Asked about a candle factory, since one is under construction now at Lewisburg's Business Park that's nearly a mile from the landfill, Younglood replied, "They would potentially be a real candidate for a partnership."
The idea was presented to Monte Mertens, director of operations for Autom, the church supply company that's established a call center, warehouse and shipping and receiving operations in the Business Park. Autom is also the company that purchased Will & Baumer, a Syracuse, N.Y., candle maker that's being moved here.
"This is the first I've heard of it," Mertens replied about burning methane.
"Wax will be melted with natural gas heat," he said. "That's the plan now. If there was another option like an environmentally alternative, we'd look at all options."

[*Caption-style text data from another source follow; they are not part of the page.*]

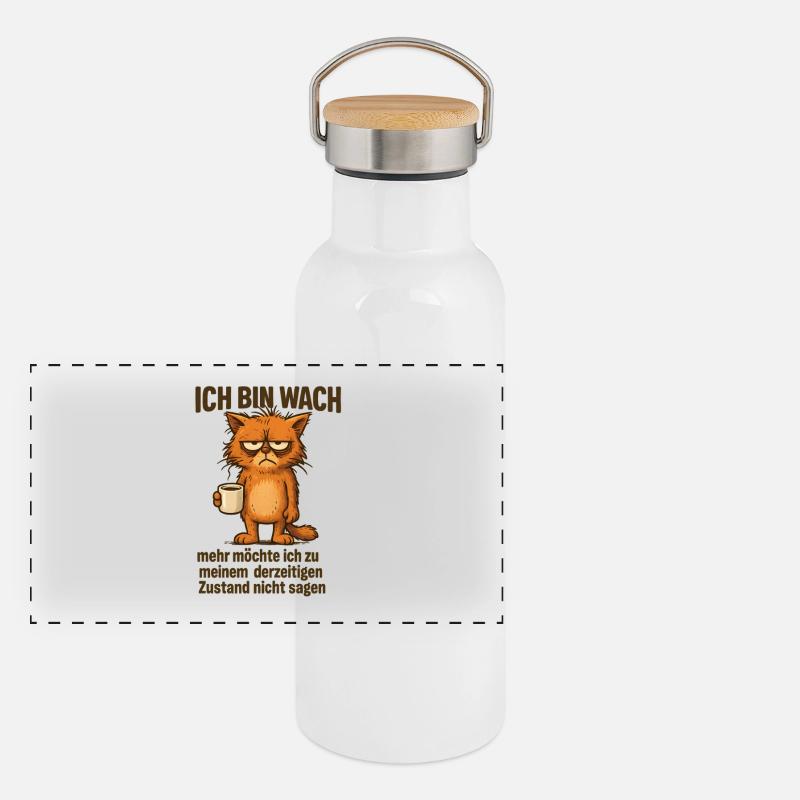 I'm awake coffee cat Panoramic Thermal Bottle with Bamboo Lid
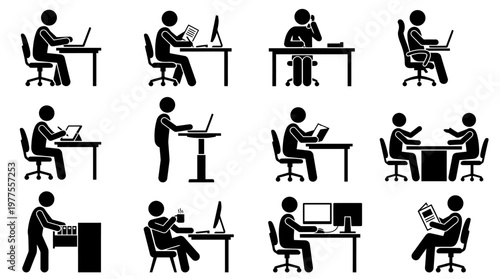 People Working at Office Desks Silhouettes.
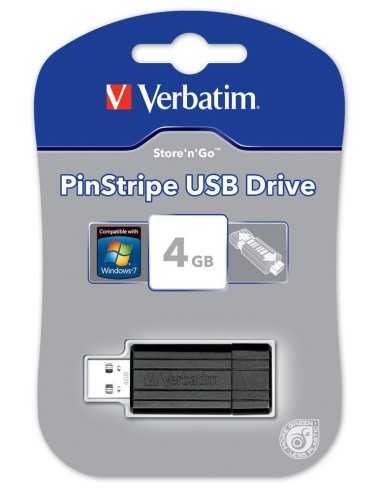 Verbatim PinStripe 4GB unità flash USB USB tipo A 2.0 Nero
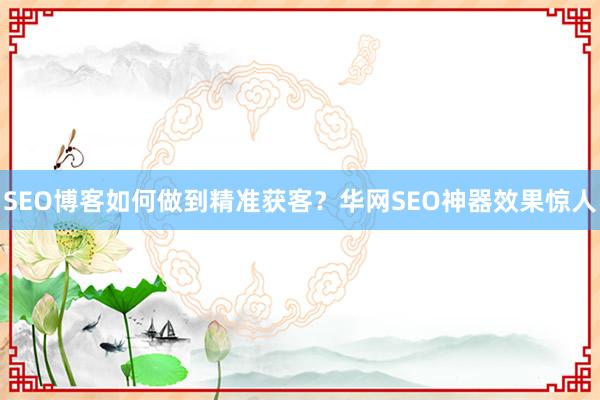 SEO博客如何做到精准获客？华网SEO神器效果惊人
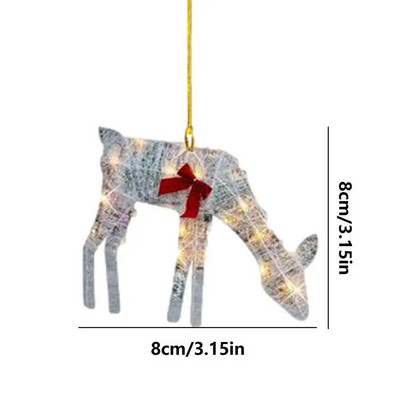 2D jõuluhirvede kaunistused kullast põhjapõdra saani jõulukaunistused Häid jõule rippuvad ehted jõulupuu hirvekaunistused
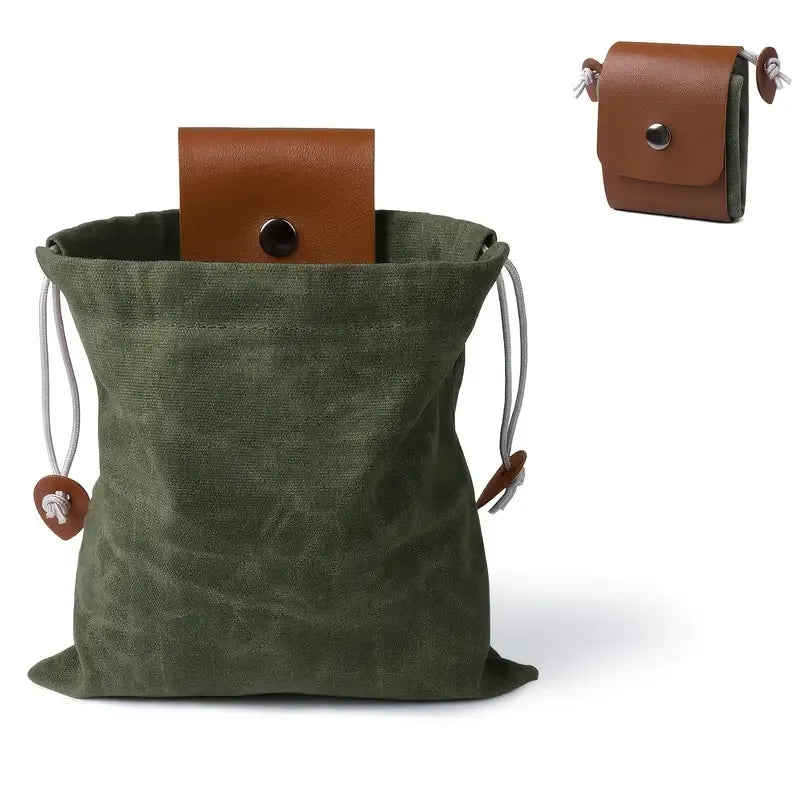 Canvas Foraging Bag Outdoor Fruit Picking Pouch Waist Pack Bushcraft Tool Bag PU Leather Lightweight Foldable Organizer/black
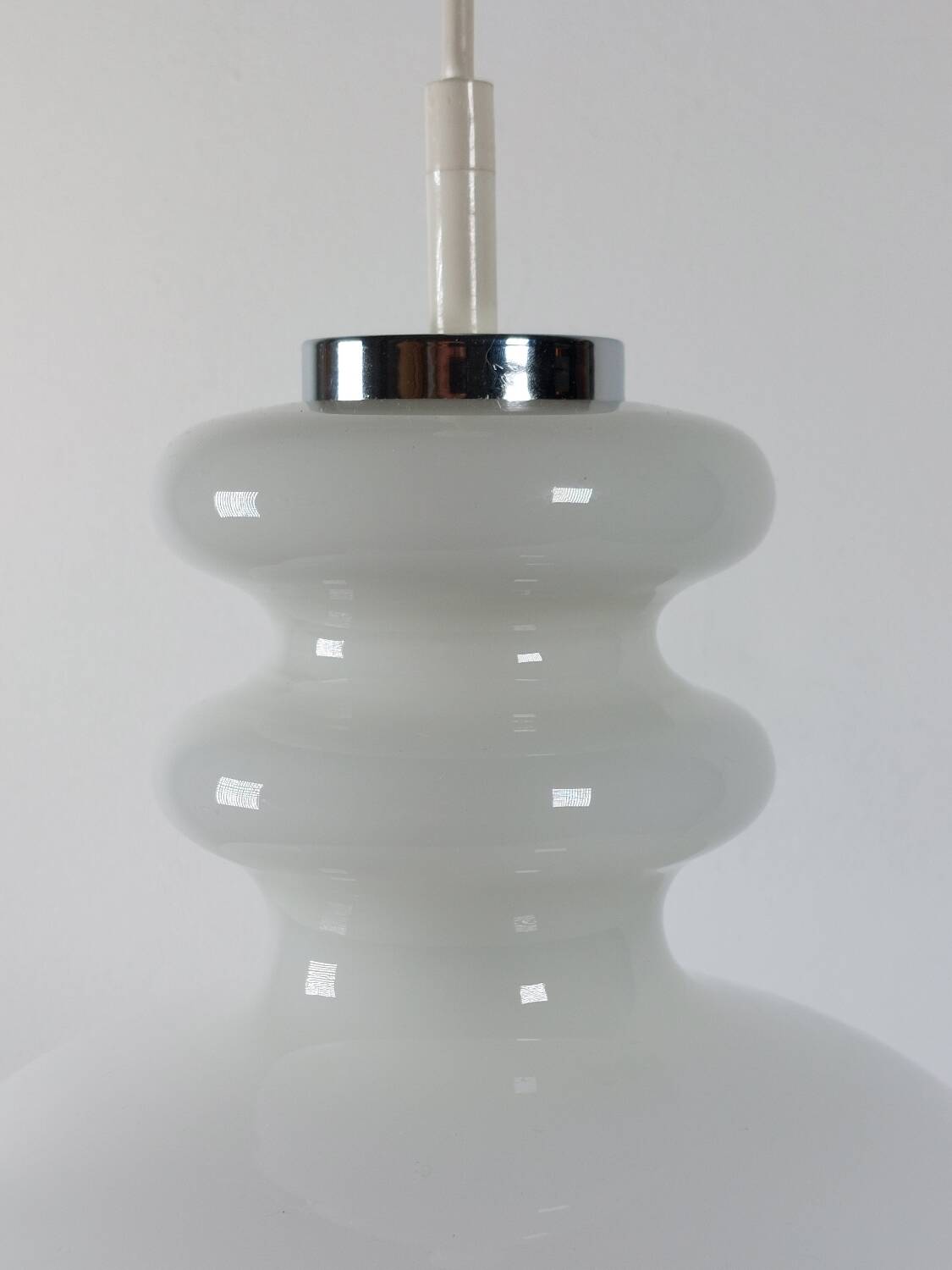 Vintage ceiling lamp Peill & Putzler in chrome and opal glass from the Space Age.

Pat Morgan, director of the Lewisburg Gas Department, confirmed information from other sources. She said the city utility made natural gas available to the business park.
"Natural Gas had to be out there for it to be a certified business park," Morgan said of the state requirement. "We support that and want the park to grow, and many of the industries that have come in do want natural gas, especially if they do any production at all. That's one of the first things they look for."

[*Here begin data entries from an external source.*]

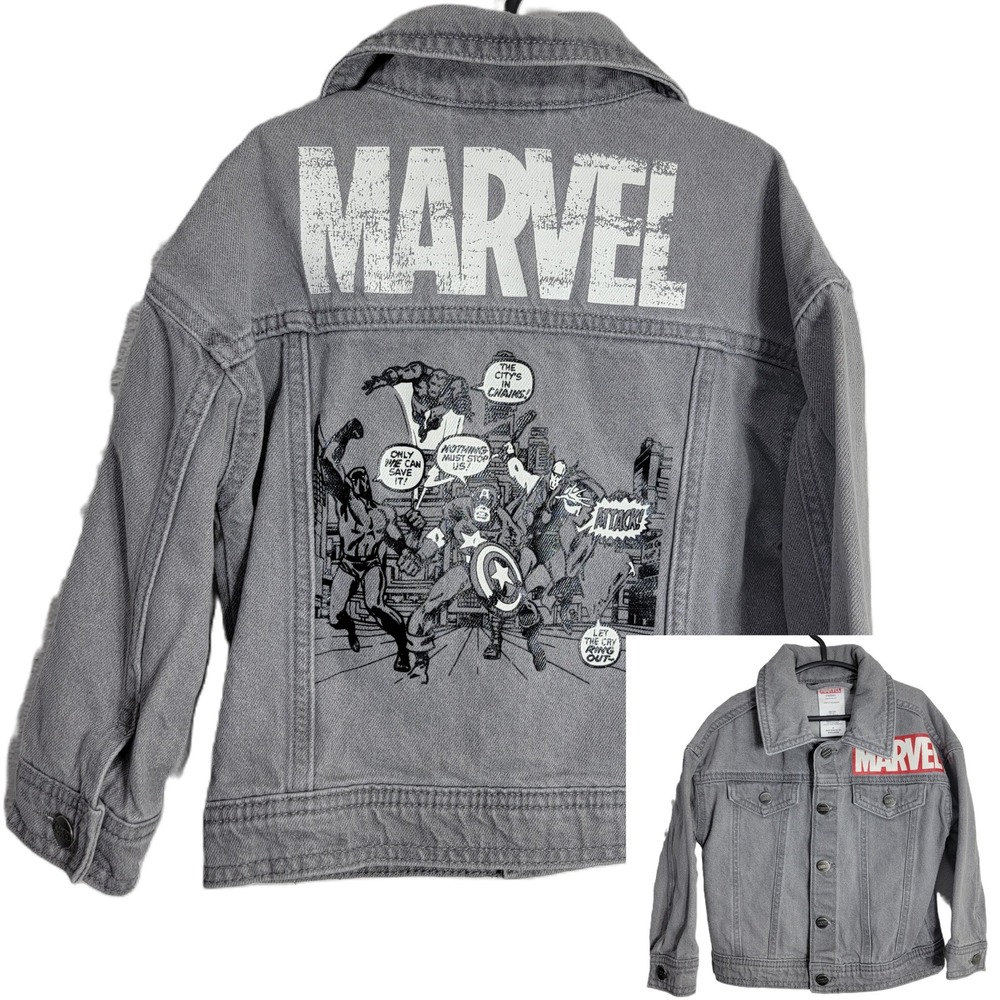 Marvel Toddler Boys 3T Gray Denim Jacket‎ Avengers Comic Graphic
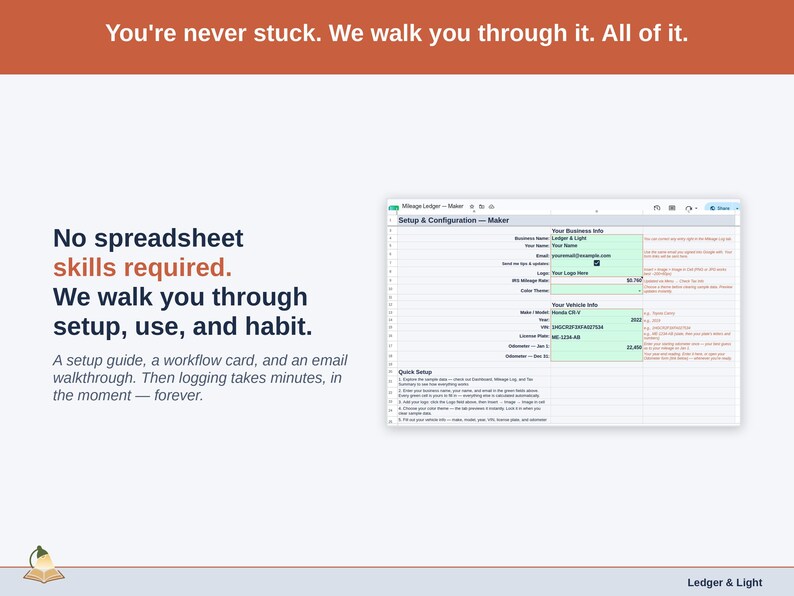 The Mileage Ledger’s Setup tab on a laptop, walking a maker owner through first-time setup step by step. A setup guide, a workflow card, and an email walkthrough. Then logging takes minutes, in the moment — forever.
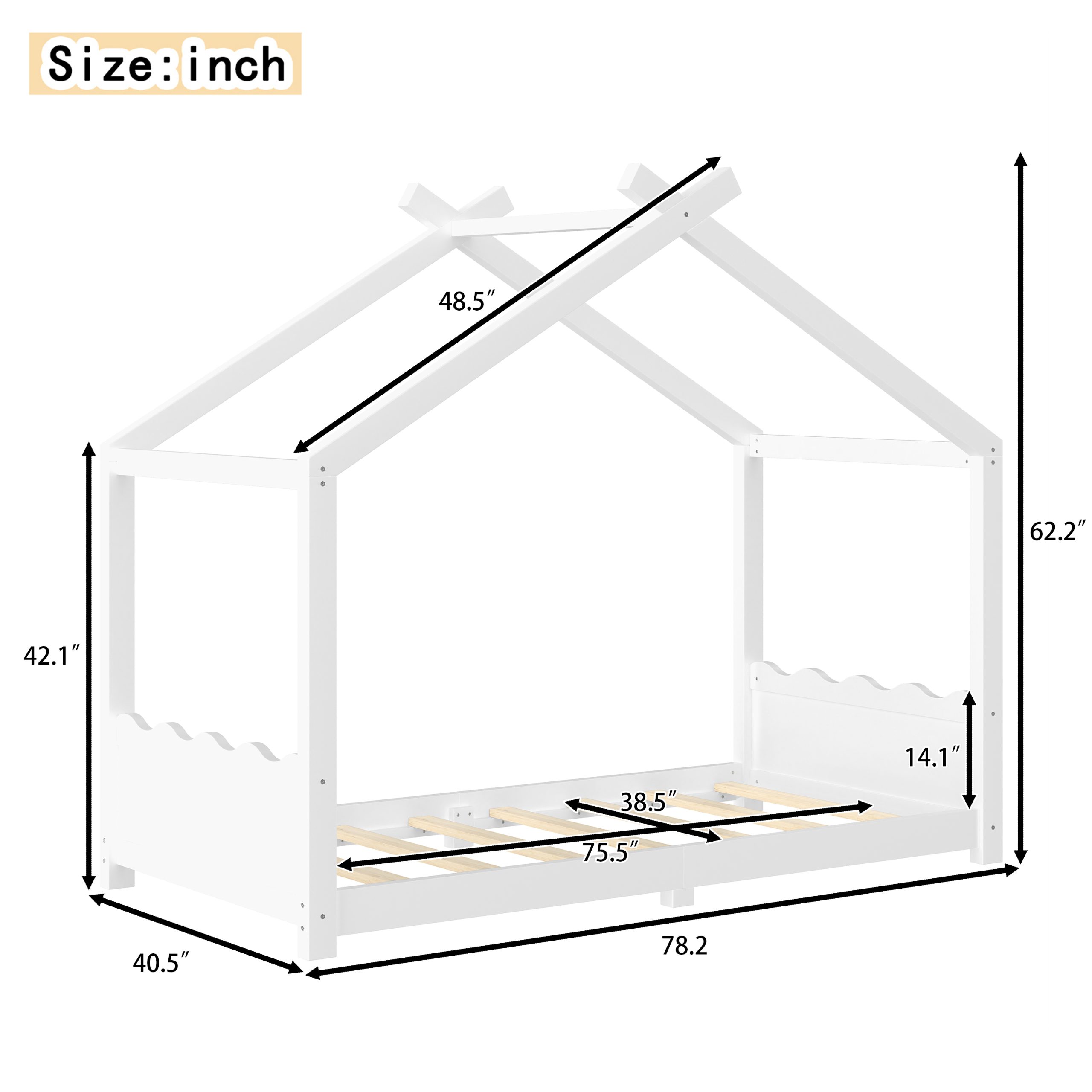 Twin House Floor Bed with Support Slats, Solid Wood House Bed Frame for Kids, No Box Spring Needed and Opening Constructure, White - Image 4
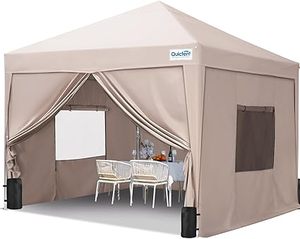 lot P-260-BL image: Quictent Pop Up Canopy Tent - Waterproof Instant Gazebo with Detachable Sidewalls, UV Protection, Roller Bag, Sandbags & Stakes - Perfect for Outdoor Events, Parties, Camping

The Gas Department "cut the expense (of extending natural gas pipes to the Business Park) by using our employees to put the lines in," Morgan said. "There was a time line to get it in and if we'd waited for the bid process it would have taken longer."
The gas utility, however, placed its lines along a route that won't be interrupted by the state's reconstruction of Mooresville Highway, she said.
City water lines are to be rebuilt by the Tennessee Department of Transportation because of the road's reconstruction, according to city officials.
"My only concern was the new road coming in," Morgan said. "We actually put a station in along Mooresville Road. "We will not be moving lines at the business park. We consulted the state on that."
Meanwhile, Lewisburg's Gas Department has "two customers out there" at the Business Park: Autom and U.S. Tank and Cryogenics, Morgan said.
"We're looking forward to the candle company moving out there," she continued. "They will be using processed gas, natural gat to melt the candle wax.
The natural gas line "was put-in in-time for the first business to open" on Jan. 14, 2008, Morgan said.
"That's our service area and I can't see why someone would want to use methane instead of natural gas," she said.
As for availability, Youngblood says the availability of landfill-produced methane depends on the specifics of each landfill.
"There is a bell curve," he said. "Every site is different because of the difference in waste. It gets to a peak production... and then it starts to back off, but the window is a large time frame.
"We have a whole gas department in Houston and all they do is manage gas projects.
"There are costs involved in this ... but it's something less than natural gas and long term landfill gas would be evenly priced," he said, countering market price changes for natural gas.
"For a low Btu business that needs gas for hear - plastic extraction business. For those kinds of businesses, we have enough gas right now.
Nevertheless, the businessmen interviewed for his story were apparently unaware of the possibilities.